_Stored entries_
---+---
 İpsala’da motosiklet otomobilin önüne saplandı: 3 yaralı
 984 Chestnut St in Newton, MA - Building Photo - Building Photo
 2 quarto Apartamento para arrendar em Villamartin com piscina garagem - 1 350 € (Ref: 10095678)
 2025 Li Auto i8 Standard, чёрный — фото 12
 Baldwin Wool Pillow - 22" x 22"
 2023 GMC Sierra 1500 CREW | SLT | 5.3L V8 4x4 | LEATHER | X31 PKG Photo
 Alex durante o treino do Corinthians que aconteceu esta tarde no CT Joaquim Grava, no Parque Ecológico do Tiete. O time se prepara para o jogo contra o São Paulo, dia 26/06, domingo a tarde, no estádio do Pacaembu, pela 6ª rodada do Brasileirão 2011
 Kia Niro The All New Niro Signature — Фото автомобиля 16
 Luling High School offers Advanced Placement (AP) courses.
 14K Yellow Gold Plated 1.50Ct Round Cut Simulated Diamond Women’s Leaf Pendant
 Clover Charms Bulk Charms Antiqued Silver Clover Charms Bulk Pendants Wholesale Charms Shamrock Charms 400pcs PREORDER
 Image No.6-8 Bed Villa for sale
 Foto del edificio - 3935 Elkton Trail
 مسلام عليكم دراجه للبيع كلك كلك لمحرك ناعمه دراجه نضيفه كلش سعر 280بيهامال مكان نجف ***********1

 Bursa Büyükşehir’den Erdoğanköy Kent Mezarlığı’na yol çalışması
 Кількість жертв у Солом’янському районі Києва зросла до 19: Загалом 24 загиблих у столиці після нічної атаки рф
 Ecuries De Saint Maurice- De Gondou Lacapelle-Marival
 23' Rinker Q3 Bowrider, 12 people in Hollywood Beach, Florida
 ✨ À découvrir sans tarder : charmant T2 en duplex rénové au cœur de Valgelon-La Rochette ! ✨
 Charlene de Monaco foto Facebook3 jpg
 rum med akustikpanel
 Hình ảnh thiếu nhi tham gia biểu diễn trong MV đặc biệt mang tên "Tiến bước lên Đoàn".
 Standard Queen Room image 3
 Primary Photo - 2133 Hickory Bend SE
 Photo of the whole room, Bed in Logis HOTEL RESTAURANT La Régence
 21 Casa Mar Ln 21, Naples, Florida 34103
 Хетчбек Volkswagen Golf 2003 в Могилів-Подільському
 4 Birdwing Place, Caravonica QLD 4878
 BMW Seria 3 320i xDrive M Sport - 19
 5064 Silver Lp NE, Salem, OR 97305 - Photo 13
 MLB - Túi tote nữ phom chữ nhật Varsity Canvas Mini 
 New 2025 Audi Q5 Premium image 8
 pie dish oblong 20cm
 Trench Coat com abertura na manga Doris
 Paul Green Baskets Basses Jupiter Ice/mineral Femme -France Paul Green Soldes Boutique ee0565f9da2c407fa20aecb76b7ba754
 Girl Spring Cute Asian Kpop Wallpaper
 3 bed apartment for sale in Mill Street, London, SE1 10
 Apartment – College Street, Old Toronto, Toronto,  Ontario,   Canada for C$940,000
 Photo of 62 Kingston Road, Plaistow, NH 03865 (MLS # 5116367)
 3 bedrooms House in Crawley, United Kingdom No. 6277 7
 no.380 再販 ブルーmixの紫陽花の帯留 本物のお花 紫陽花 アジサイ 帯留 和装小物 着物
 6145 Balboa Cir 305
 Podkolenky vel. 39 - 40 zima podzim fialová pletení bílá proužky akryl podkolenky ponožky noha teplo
---+---
_PROBLEM REQUIREMENTS_
List all lines from the entries that include the word "Street".

_OUTPUT FOR THIS EXERCISE_
 3 bed apartment for sale in Mill Street, London, SE1 10
 Apartment – College Street, Old Toronto, Toronto,  Ontario,   Canada for C$940,000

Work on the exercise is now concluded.